In constant dollar terms, the real house price in New Jersey in
1998 was still 32.6 percent less than in 1988—or nearly
one-third lower!
However, by
1998, a number of factors were building in the Tri-State Region
and in the nation that would contribute significantly to the next
surge in house values. New Jersey’s home prices jumped by
51.7 percent between 1998 and 2003, or by 8.7 percent per year.
This was nearly
four times faster than the annual increase in the CPI (2.4 percent).
This was also considerably above the comparable national rates
of house price increase (38.0 percent and 6.7 percent, respectively).
It took the
first four years of this recent period of rapid home price appreciation—between
1998 and 2002—for the inflation-adjusted price index to
finally top the peak of 1988. Thus, in real terms, it took a full
14 years, to 2002, for complete price recovery. In this context,
the notion of a housing bubble tends to lose credibility, since
the post-1998 price surge enabled us only to recover the price
declines of 1988–1991 and to compensate for 14 years of
inflation.
So it difficult
to designate this recent price surge in New Jersey as a bubble.
Another important piece of evidence arguing against a bubble is
that the 8.7 percent annual compound rate of growth for New Jersey
in the five-year period between 1998 and 2003 is barely half of
the 15.9 percent annual growth rate of the 1983 to 1988 boom.
Moreover,
in the earlier period (1983–1988), the annual rate of price
increase in New Jersey was more than double the national rate.
Currently (1998–2003), it is not even one-third higher.
Thus, if the 1980s experience sets the threshold for a bubble—in
terms of high general rates of increase and high rates of increase
relative to inflation and the nation—then we conclude
that the current experience is not a bubble. [ed. bold]
In the long
run, housing price increases cannot consistently outstrip growth
in housing buying power. Surrounding the 1980s housing boom was
a period of strong relative income growth, with incomes in New
Jersey growing far faster than the nation’s. But even this
growth ultimately could not sustain the boom years’ price
gains.
With housing
prices having recently advanced far faster than income growth
during our current home price boom, some apprehension again appears
to be warranted. However, declining interest rates have transformed
the unexceptional recent income gains into much larger increments
of housing buying power, justifying part of the home-price surge.
But interest
rate declines to levels not seen in more than 40 years are now
themselves history. Thus, all of the gains in housing purchasing
power as a result of interest rate reductions in the current market
probably have been made. Future income growth from this point
forward will be the major determinant of housing-buying power
gains. How much this will reduce the rate of increase in prices,
or even cause them to sag, remains to be seen because so many
other elements are also present.”
The above report
was finished in early 2003. As we know, the housing market, in New
Jersey and the nation, has continued to astound even the most optimistic
of housing prognosticators.
Some reasons
for the continued performance of the residential housing market
are mentioned earlier in this article and include eliminating the
extreme commute and improving access to jobs and other amenities.

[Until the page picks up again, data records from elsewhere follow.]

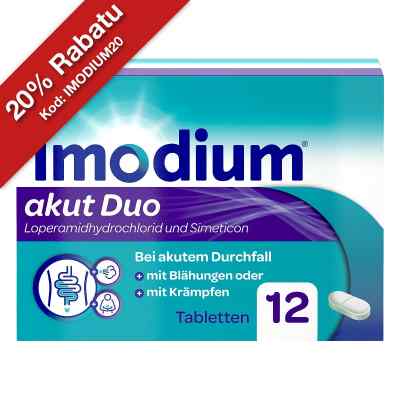 Imodium akut Duo - na ostrą biegunkę, wzdęcia i skurcze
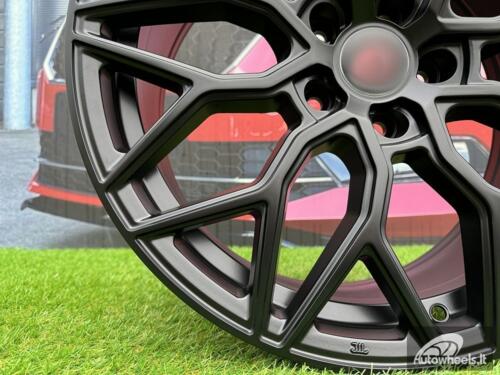 Ratlankis R18x8  5X108  ET  40  67.1  B5812  Black Half Matt (BLHM)  For RACIN  (K4)  (Style Vossen)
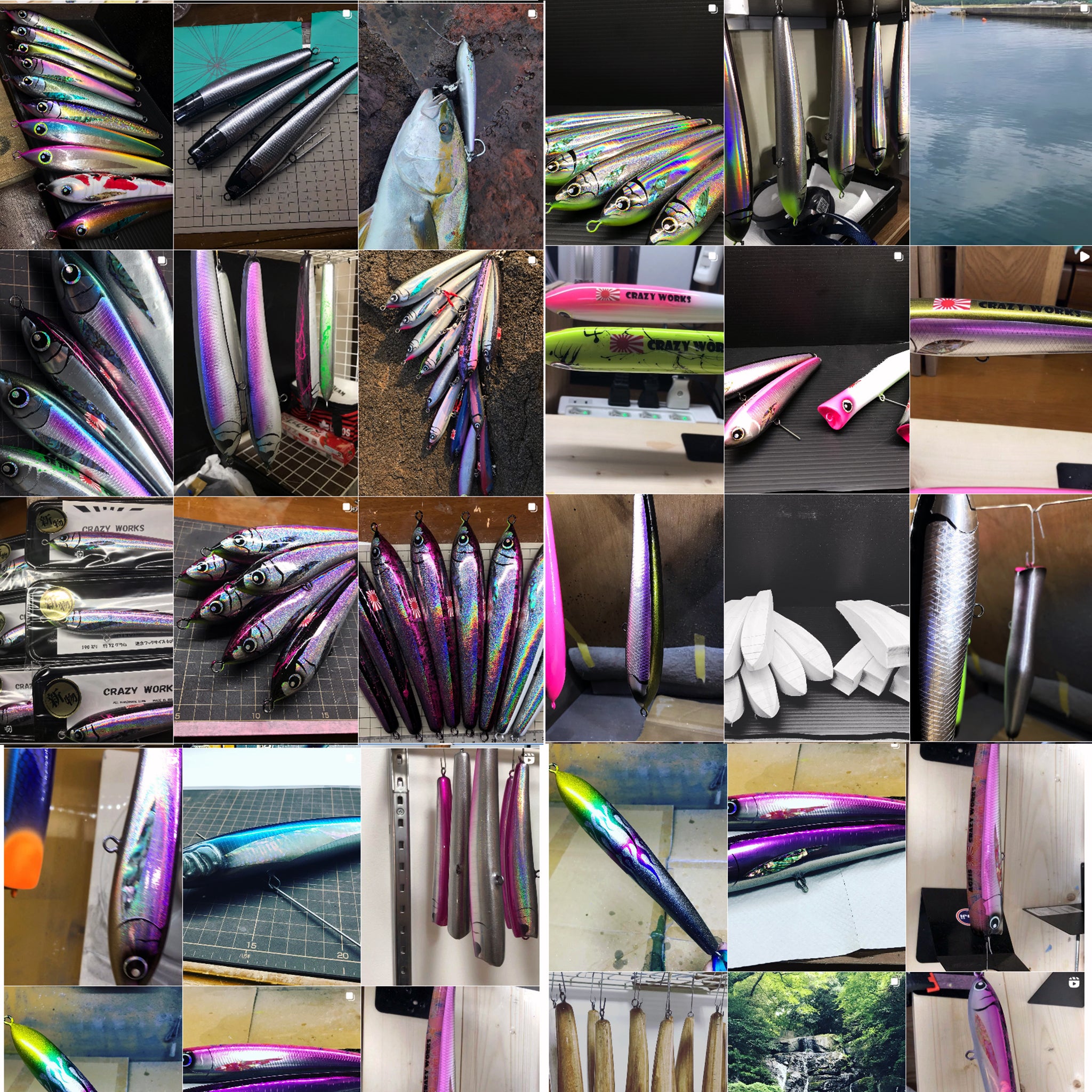 バンプス 215 ウッドダイビングペンシル プラグ クレージーワークス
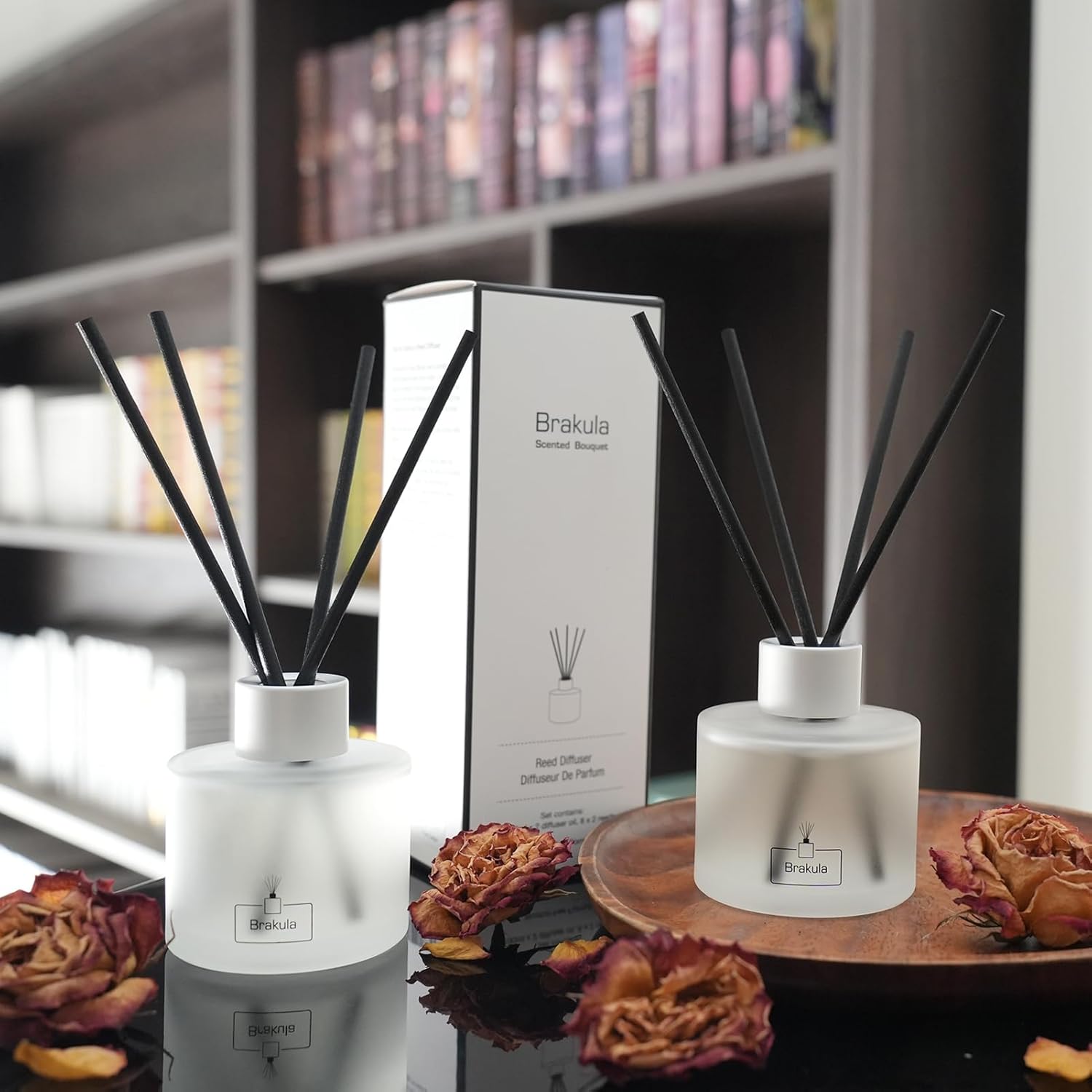 Brakula Reed Diffuser Set - Eucalyptus Mint Scented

Reasons for paying more for a home, if the price is right, can be
entirely rational.
Housing Future
What information
or data nationally or locally might tell us where the housing market
will go next?
Areas with population
growth will continue to see strong markets, though not necessarily
rising housing prices. In the last Census, New Jersey surprised
demographers the world round by gaining enough population to keep
all of its House of Representative seats.
It is important
to differentiate between areas with growing populations. Population
growth in areas with plenty of housing supply cannot sustain continuous
large price increases. New Jersey will probably be the first state
to use up the majority of its land, also known as “build-out”.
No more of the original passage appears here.